The Queen was saying: ‘George lived with Maria Fitzherbert and no one knew whether or not they were actually married. Then he had love-affairs with other women and now he is married to Caroline. But I fear they have not settled down. There is Frederick who won’t live with that wife of his who keeps a zoo at Oatlands; I believe he has a host of mistresses. And now there is William… Whichever way we turn we are knee-deep in scandal. George is at last married; Frederick is married. It is time William was married.’
‘There’s George and Frederick. One of them is bound to provide some heirs. Eh?’
‘Do you think so? George already hates his wife; Frederick will not live with his. Who is going to reign when we are all gone?’
‘Everything will depend on what happens between George and his wife.’
‘You mean that if they have sons… daughters will do… if they have children then you will leave William in peace with his actress?’
‘I don’t see why not.’
‘So then everything depends on George’s wife giving us an heir to the throne.’
‘A great deal depends on it,’ said the King.
‘I tell you this,’ said the Queen. ‘I shall never stand by and applaud an illicit union of a royal prince with an actress.’
‘What do you propose to do then, eh, what?’
‘I shall choose the moment to rescue William from that woman. Obviously he must marry.’
‘We’ll wait and see,’ said the King.
Very soon news reached them that the Princess of Wales was pregnant.

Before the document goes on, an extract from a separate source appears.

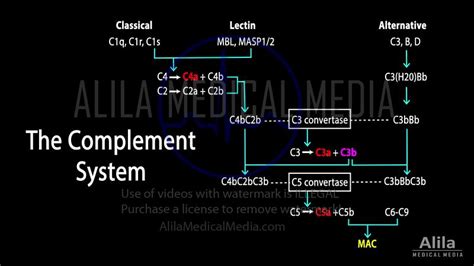 Image result for Complement System Animation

The Prince of Wales rejoiced and made it quite plain that he would have nothing more to do with his wife.
The King was pleased that his daughter-in-law had shown such early signs of being productive. He was still less inclined to interfere with his son William’s arrangements.
But the Queen kept her eyes on all her sons; and she had determined that she would not tolerate for ever even a third son’s liaison with a play-actress.
Perdita’s Nobody
DOROTHY WAS AMAZED to receive a letter signed by Mary Robinson, who requested the pleasure of a visit from her that they might discuss Mrs Robinson’s new play in which she hoped Mrs Jordan would play the principal part.
Dorothy was surprised and a little curious for she knew this lady to be none other than that Mrs Robinson who had been known as Perdita when she had enslaved the Prince of Wales, and about whom there had been a great scandal.